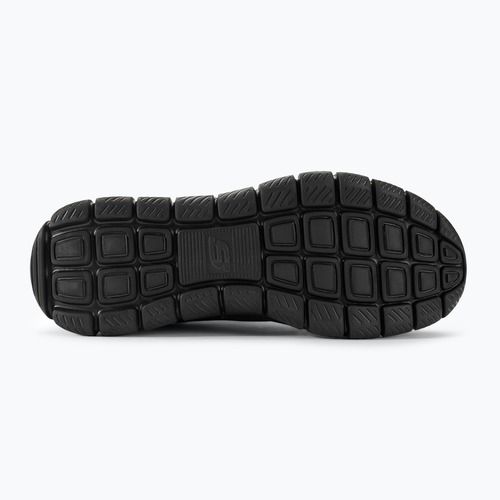 SKECHERS Track Scrolic pánská tréninková obuv černá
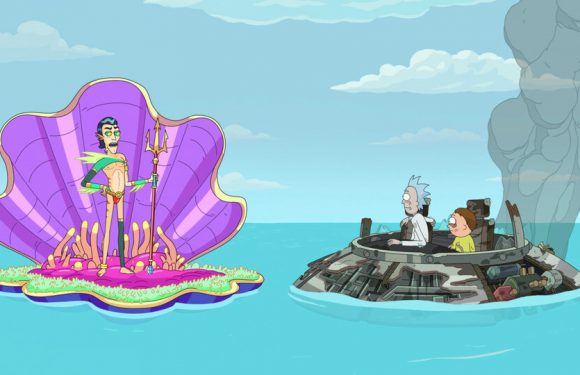 Rick and Morty are back! The new season kicked off like the good old days, with a slew of mischief and interspatial cable (and sexy Aquaman!)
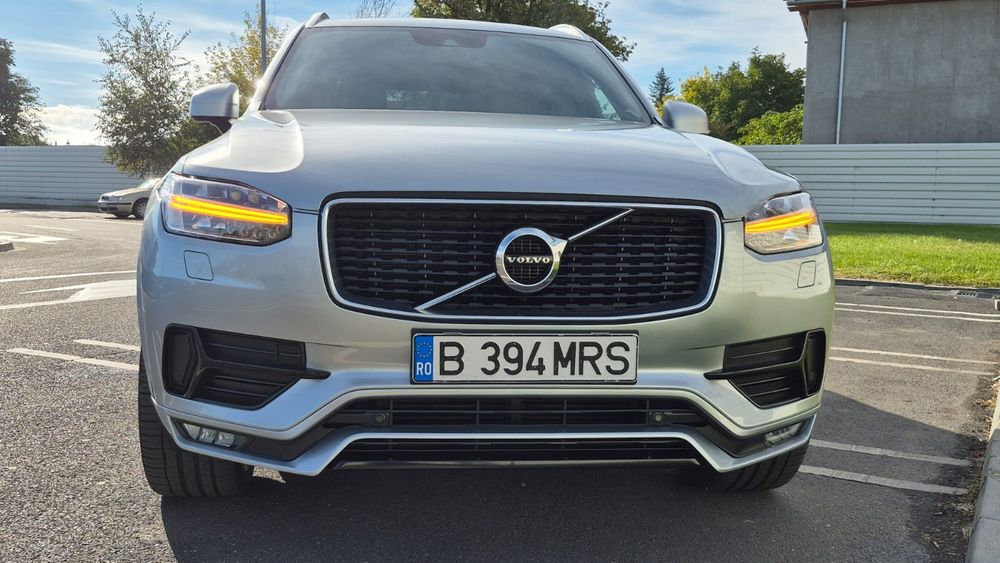 Vând Volvo X C 90 R-Design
######
▶ The problem: Restate all of the material above word for word. Pictures do not belong in it.

▶ Exercise output:
 SKECHERS Track Scrolic pánská tréninková obuv černá
 Rick and Morty are back! The new season kicked off like the good old days, with a slew of mischief and interspatial cable (and sexy Aquaman!)
 Vând Volvo X C 90 R-Design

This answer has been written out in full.